When a new simulation is requested from the interface of the platform, a request is made to the REST API of the Workflow Service to authorize the request and also to orchestrate the deployment of bbp-workflow
inside an ECS Container Instance. The Provisioner is in charge of deploying the necessary infrastructure (if required) and provides the Workflow Service with the necessary information to locate and authenticate on the cluster. After this, the service will schedule and monitor the execution of the different tasks running in the cluster, as well as coordinate the data registration in the knowledge graph via the Metadata and Data Service.
Here are some of the key technologies utilized for the infrastructure:
- The Workflow Service mainly runs on an ECS Container Instance orchestrated via an ECS Cluster, with one instance launched per Virtual Lab Project1.
- The service is based on the use of a container image from
bbp-workflow
. - The source code of bbp-workflow is written in Python 3 and relies on the use of Luigi Framework to build the job pipelines and monitor the execution.
- All the communication with the Workflow Service is handled exclusively via a REST API provided by AWS API Gateway.
- Only the authorized users are allowed to interact with the service.
- A dedicated AWS Lambda handles the authentication and authorization of the requests via the Authentication and Authorization Service.
- An authorization token is provided for the Container Instances Handler.
- The Container Instances Handler is another AWS Lambda that validates the authorization token and provides support in the orchestration of the Workflow instances.
- The ParallelCluster Provisioner provides the necessary details to request the SSH private key to the AWS Secrets Manager, as well as to locate the ParallelCluster deployed for the specific Virtual Lab Project.
- Interactions with the Metadata and Data Service are required to register new data into the knowledge graph.
- In the case of large-scale simulations with Lustre FSx, the synchronization of the data is managed by a dedicated job with elevated permissions that relies on the existing S3-DRA setup. The Workflow service handles the request to store the data, monitor the job that is communicating with the Lustre HSM Service, and finally handles the confirmation of the synchronization.

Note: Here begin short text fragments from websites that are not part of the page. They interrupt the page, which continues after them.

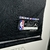 Imagem do Regata NBA Los Angeles Clippers | 23/24 | Preta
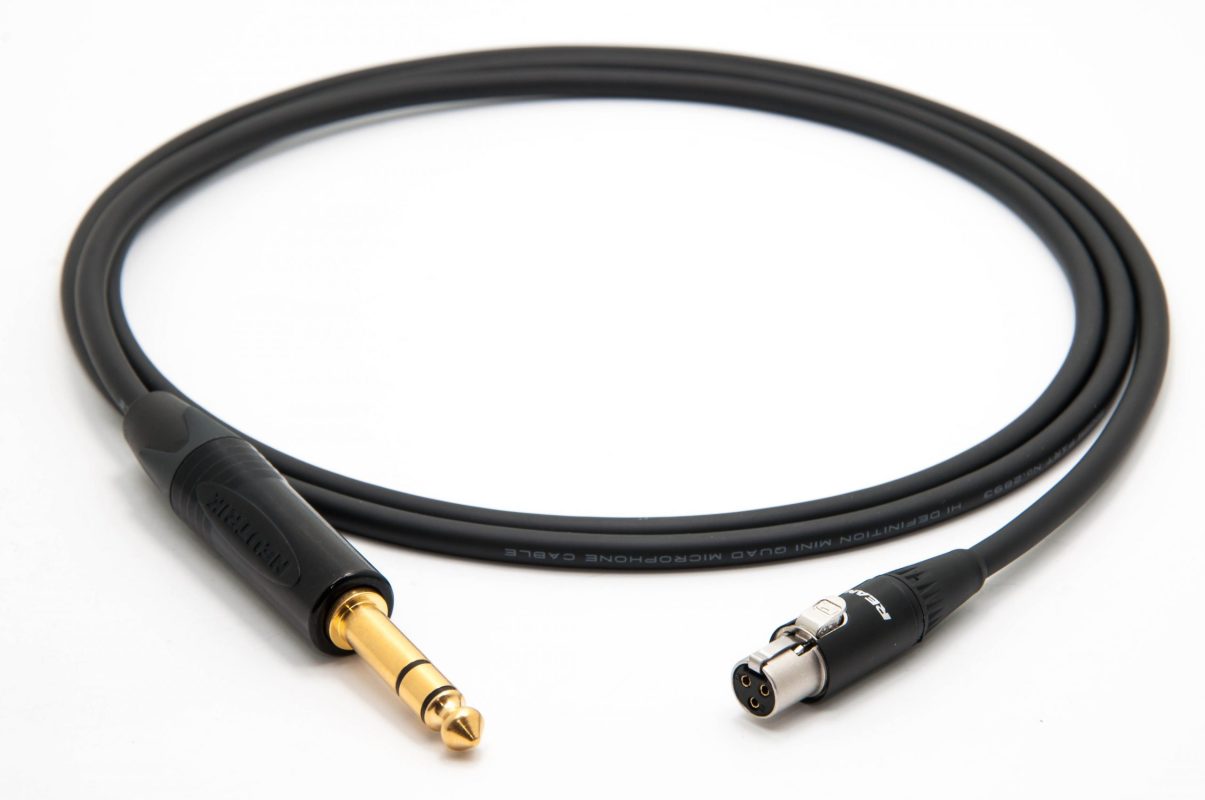 enoaudio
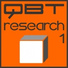 Qbt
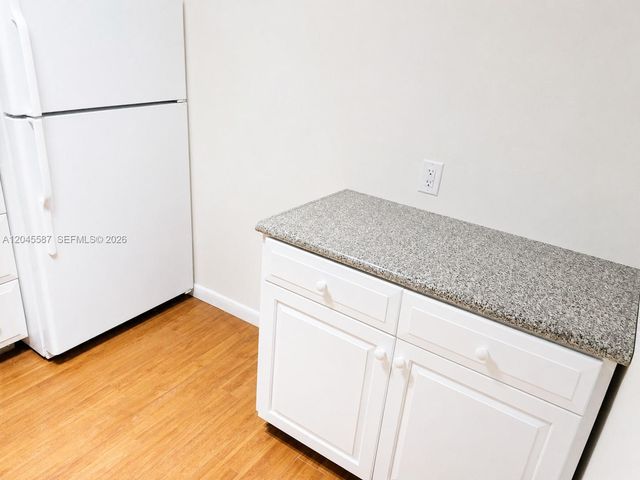 11925 NE 2nd Avenue B315, North Miami, FL 33161
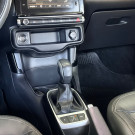 Citroën C4 CACTUS FEEL Pack 1.6 16V Flex Aut. 2022 Flex-5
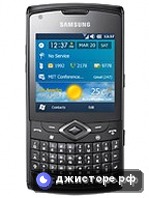 Samsung B7350 Omnia PRO 4 — главное фото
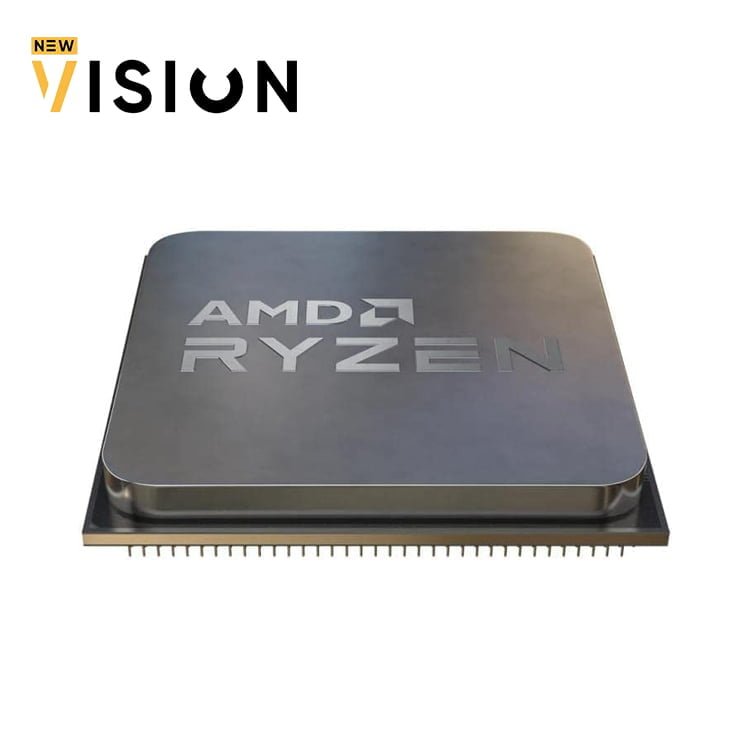 amd-ryzen-5-4600g-processor-4-2ghz-6-core-am4-1.jpg AMD Ryzen 5 4600G Processor 4.2GHZ 6 CORE AM4 - الصورة 6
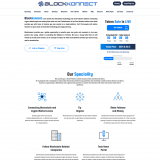 Blockkonnect ICO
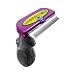 FURminator Long Hair DeShedding Tool for Large Cats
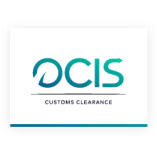 OCIS Customs Service GmbH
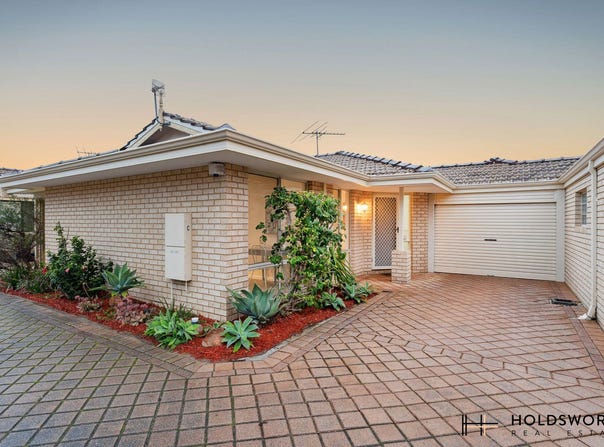 73C Eldorado Street, Tuart Hill, WA 6060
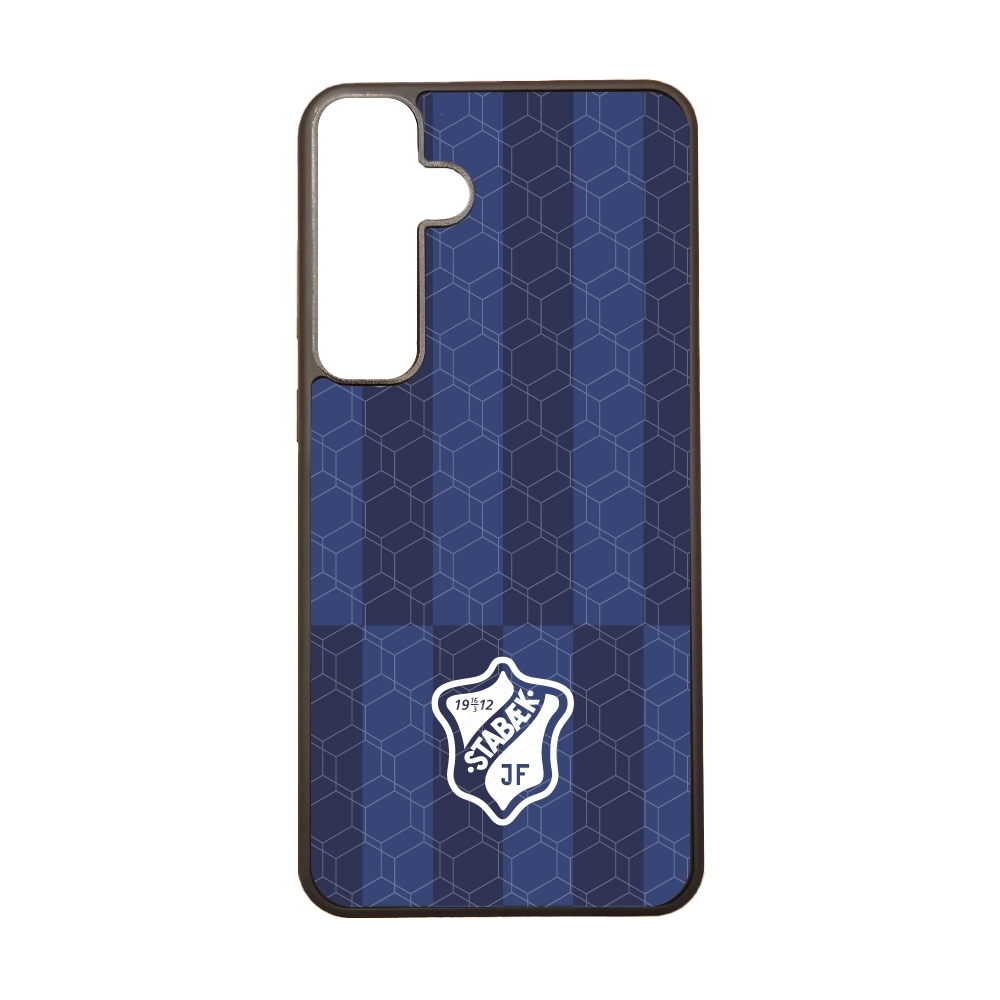 Stabæk Fotball Offisielt 3D...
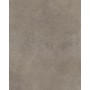 FUSION CEMENTO 30X60 RETT. sp.10mm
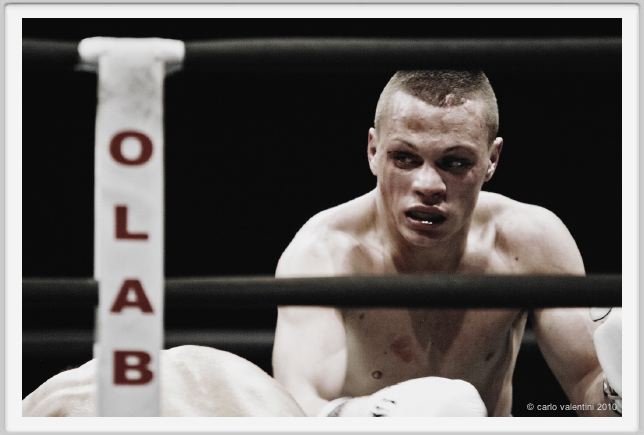 boxe931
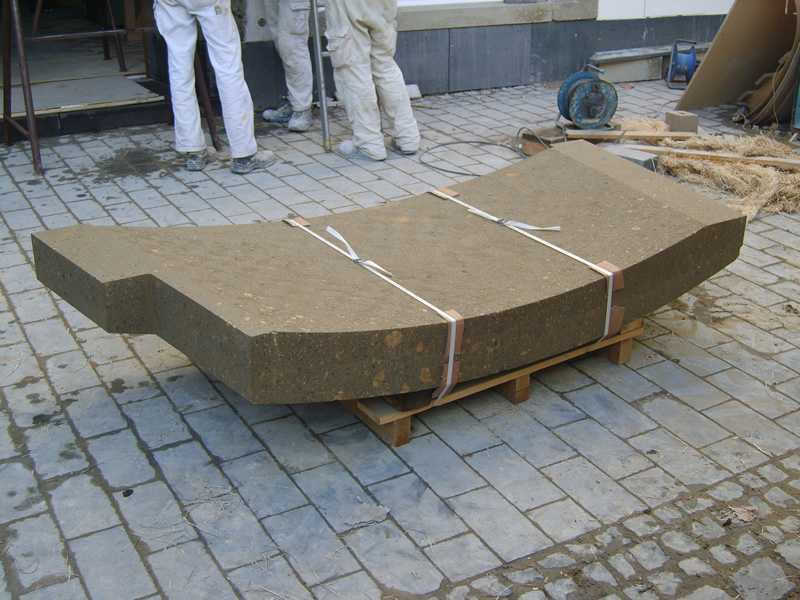 tuerrahmen_koeln_02.jpg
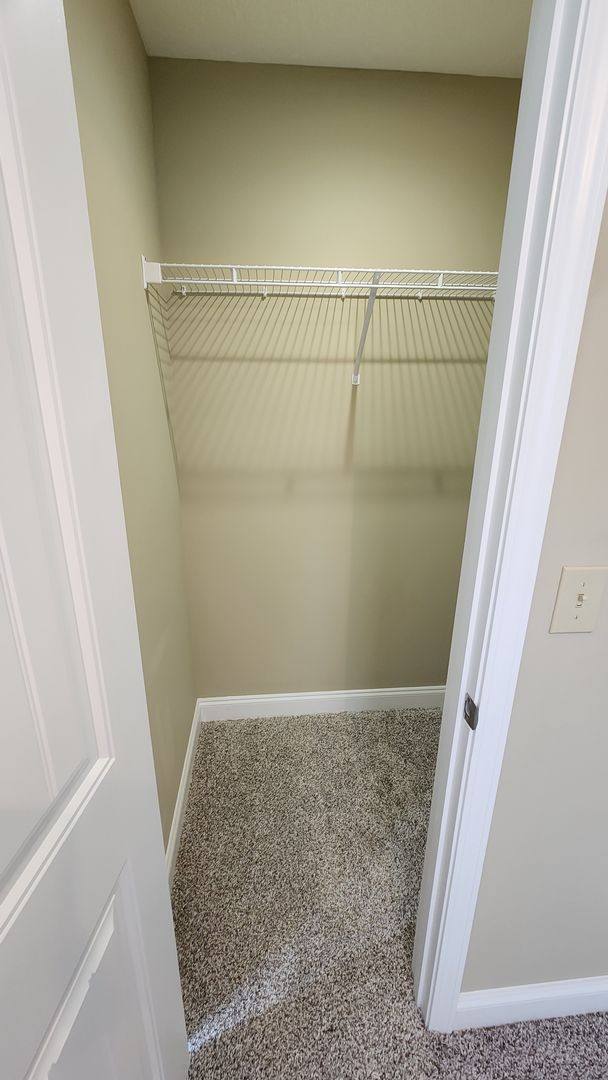 House for rent at 2702 N Railroad St, Phenix City, AL 36867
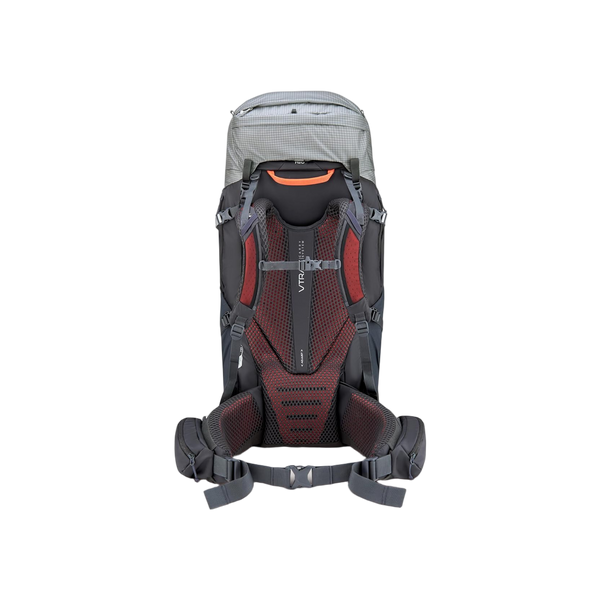 Rab Hyperon 65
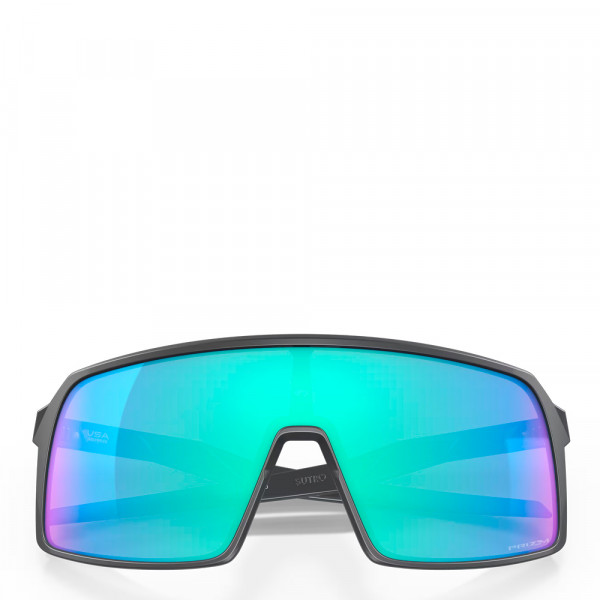 sutro-sonnenbrille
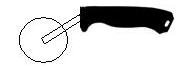 Pizza Cutter 2.jpg
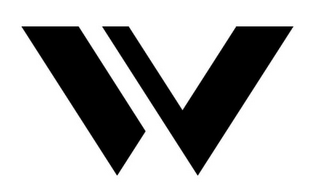 W logo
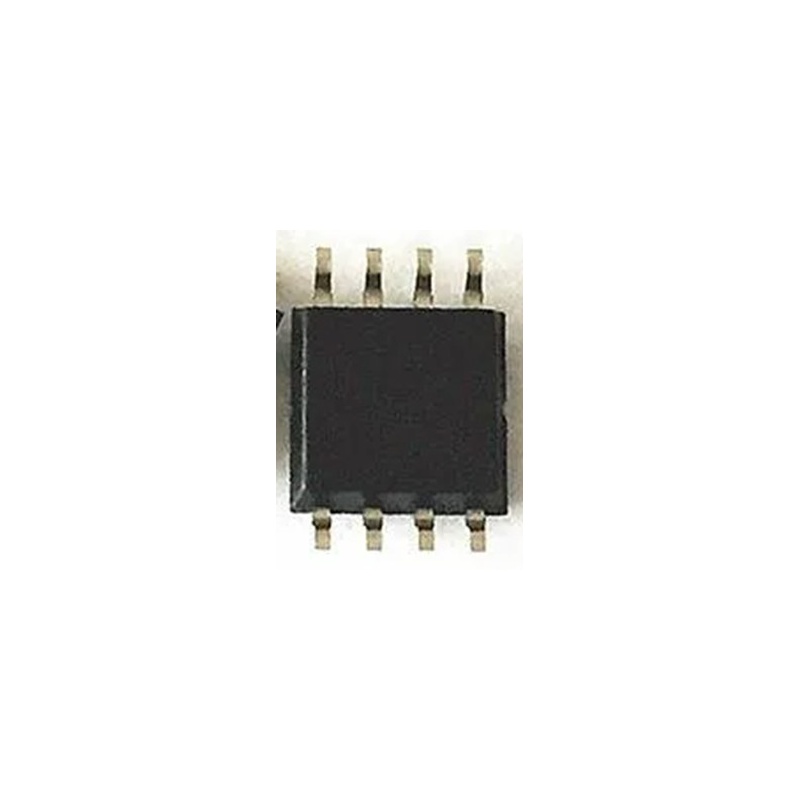 Микросхема 95256WG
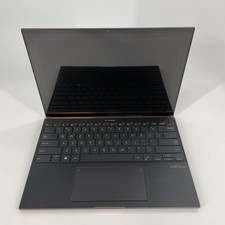 Usado, SSD Asus ZenBook S 13 QHD+ TOUCH 2.80GHz i7-1165G7 16GB 1TB - Excelente comprar usado  Enviando para Brazil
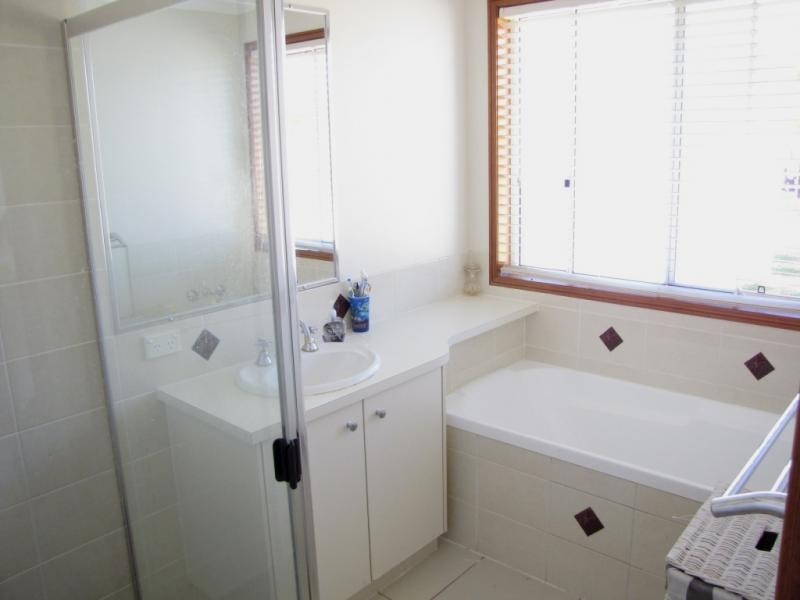 Placid Hills QLD 4343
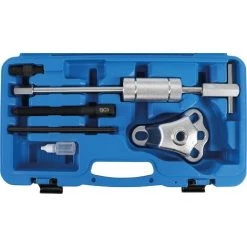 BGS Technic Arrache Moyeu à Inertie | 6 Pièces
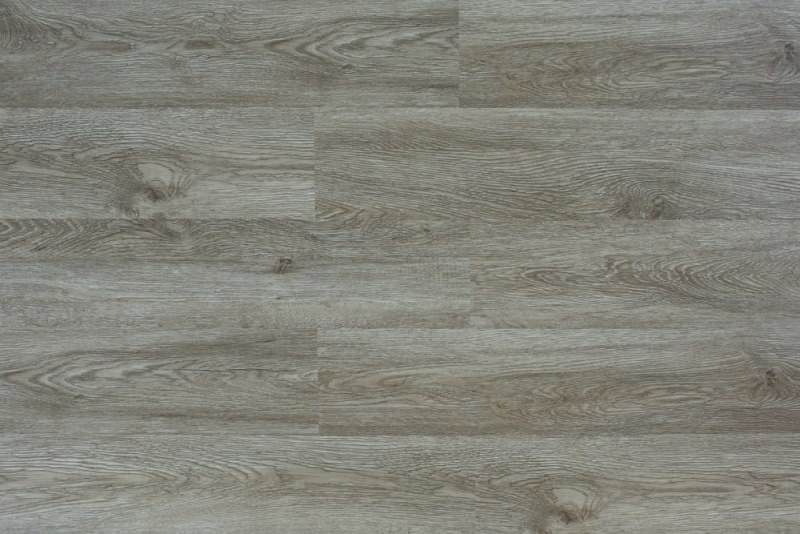 Кварцвиниловая плитка "Art Tile" Дуб Венето (900*150*3,5 мм) — купить в Нерюнгри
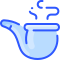 Smoke Pipe icon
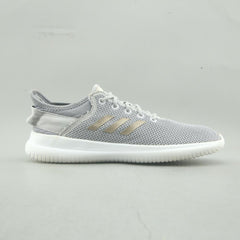 ADIDAS CLOUDFOAM QT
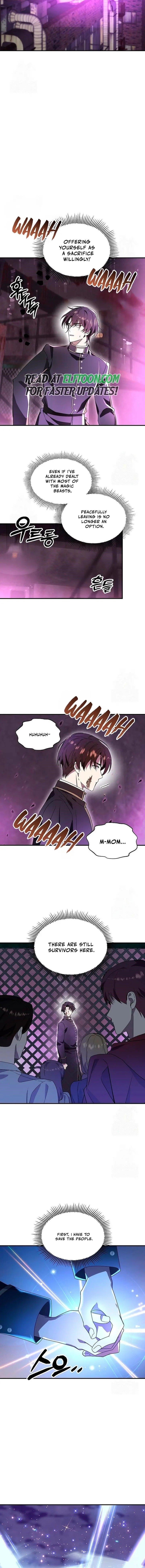 Somebody Stop the Pope - Chapter 44 Page 12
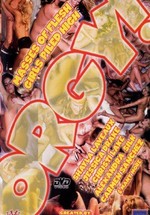 Orgy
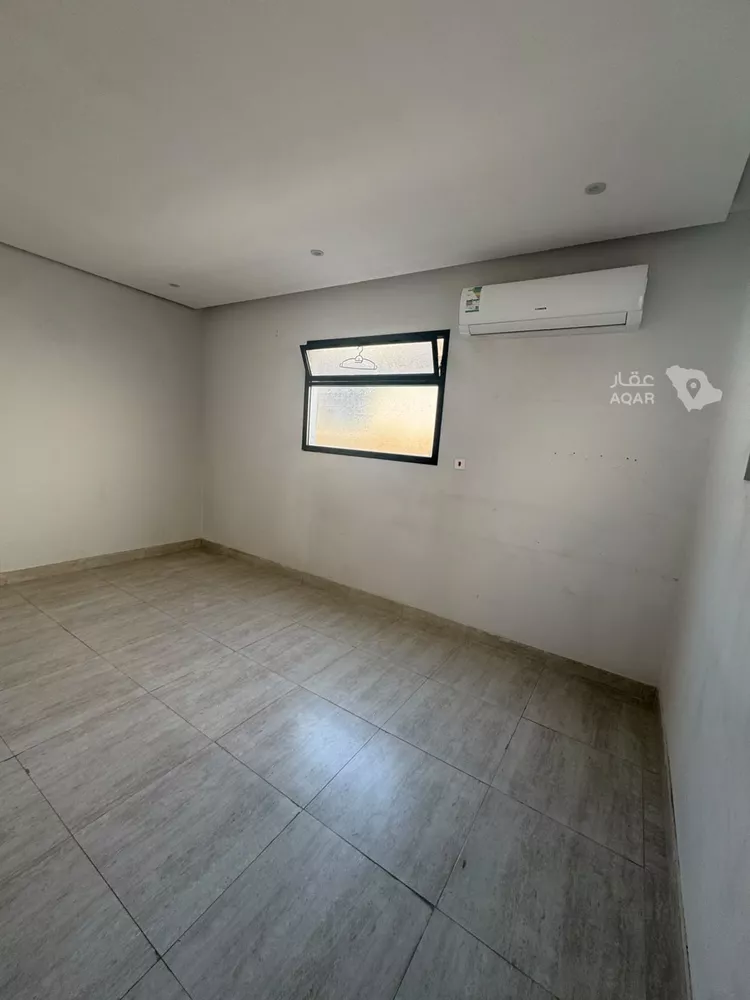 Apartment for Rent in Riyadh Jarir 15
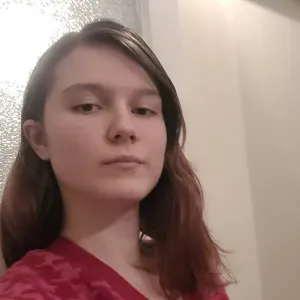 Floriane, amis des animaux de brie et ses alentours 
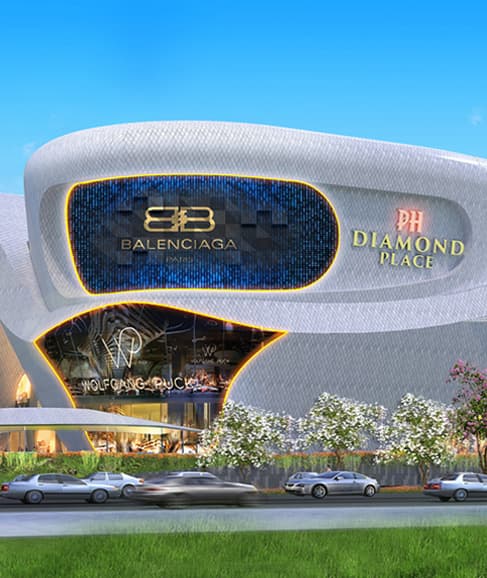 Perspectives-487-578-Diamond-S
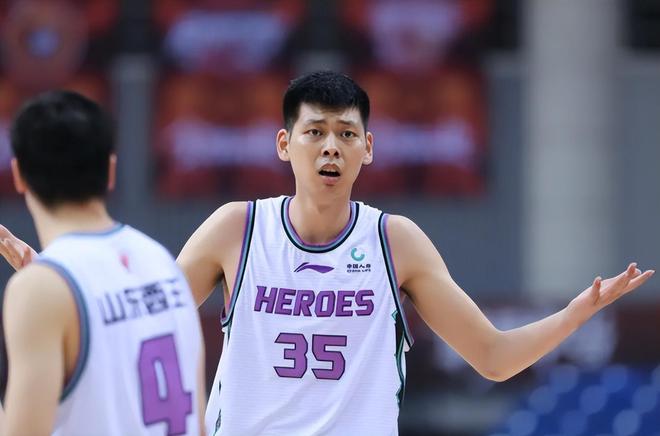 5月9日国内篮坛：总决赛首战北京男篮获胜，朱荣振盼重返辽篮
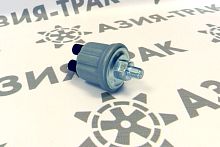 4931169 Датчик давления масла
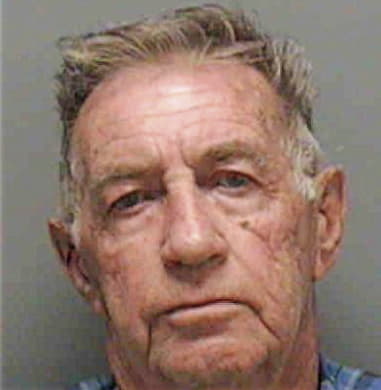 Robert Dowgas, - Lee County, FL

- In the case of large-scale simulations without Lustre FSx (e.g., eModel Fitting), the synchronization of the data is managed via direct upload to the knowledge graph using the support provided by Nexus.
-
Each ParallelCluster deployment is constrained to a Project inside a Virtual Lab. Thus, the approach is to deploy a container instance per Project. We might limit the number of instances in the future. ↩